Jon Hartley is a former manager in international online and traditional publishing. He has over 20 years experience in marketing, training, editing, copywriting and translation.Jon Hartley Internet Marketing is a collective of professionals expert in all aspects of internet including design and IT

One Comment

  1. About as important as not doing the signage for your office space in ink marker on the backs of old cardboard boxes from the shops… Or just scribbling your business details in Biro on the backs of fag packets instead of having business cards made…

    Your “compelling message” is likely to disappear in a puff of derision if your presentation is just plain incompetent! No; if you’re talking crap we can’t make it any better just by presenting it professionally – however present yourself badly and it’s very likely you will appear to be talking crap!

    It’s that professionally produced content YOUR tiny business is up against when it steps up onto the world stage that is online video. So you compete or fall quite frankly! And increasingly so.

    Video in particular has a whole collection of visual vernacular and grammars that go with them. The very reason ‘beautifully produced moving film washes over you’ is that is exactly what it is supposed to do! The point of using moving pictures at all is to lead you through the story without intrusion! The whole point and strength of the medium is to convey something beyond just the words that are being spoken…

    The mere fact that your face is on the screen (invariably unflatteringly so with poorly made videos) your lips are moving and there is noise coming out your head does NOT mean you are using the medium effectively!

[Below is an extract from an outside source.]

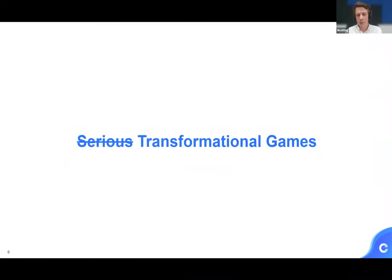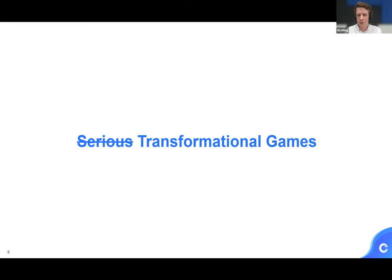Throughout this presentation, I'm going to be using the term transformational games. It's the same concept as serious games, which a lot of people would be familiar with, or games for good or impact games — all with the same focus of solving a real-world problem using a game where the primary purpose lies outside of pure entertainment. We really like the term transformational games as it's more descriptive of the experiences we create — we're looking to create some transformation within the player or the broader world.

    Quite recently I had cause to comment ( ) on a series of video lectures someone had decided to put up on YouTube…

    I’ve been watching the series ‘develop’. And it’s apparent it’s going mildly ‘viral’ as individuals within his own industry and (I guess) potential customers gather round it to mock. I know it’s being used by certain college lecturers as a ‘how not to’… And the latest one – thanks to an unfortunate faux-pas with the hand-scrawlled ‘graphics’ he’s using really does look ‘most unfortunate’…

    Poor chap seems oblivious, even to the point where, when a potential customer actually commented how he had been ‘put off’ the guy’s firm, that comment was deleted. – I watched this little drama unfold over breakafast last week! Quite sad…

    He IS actually making his business look desperate and short of cash! Particularly as he has at some point HAD a proper one done, and this stands in stark contrast to his later home movies. There are to be a series of six of these things apparently… We await the next one with much bemusement.

    The ironic thing is it’s not particularly expensive to have material well made. There were a series of six videos like these made too… ( DO try the HD option)

    Very simple, very basic… As part of a package they’d work out at £116.50 + VAT each at current rates!

    Of course we could have given the wannabee-lecturer a completely different look from the very traditional one asked for by that leading public school… And no-one would be laughing at him and his business for the awful fool he looks…

    But then apparently, he didn’t think his customers or his business reputation were worth £116.50!

    THEN of course there is the matter of legal compliance – does your video meet the CAP, are all copyrights and other IP properly cleared etc etc? On that score, as JA Coles found out to the tune of arond £30K when Getty sued them for copyright infringement – hiring an amateur or taking the DIY route can be VERY expensive indeed!

    A good producer or photographer would handle these things as a matter of course…

    Of course ANY video even bad video suits the ends of the SEO brigade who only care about traffic stats… Which is why they’re so keen to promote it.

    The smart money IS elsewhere though!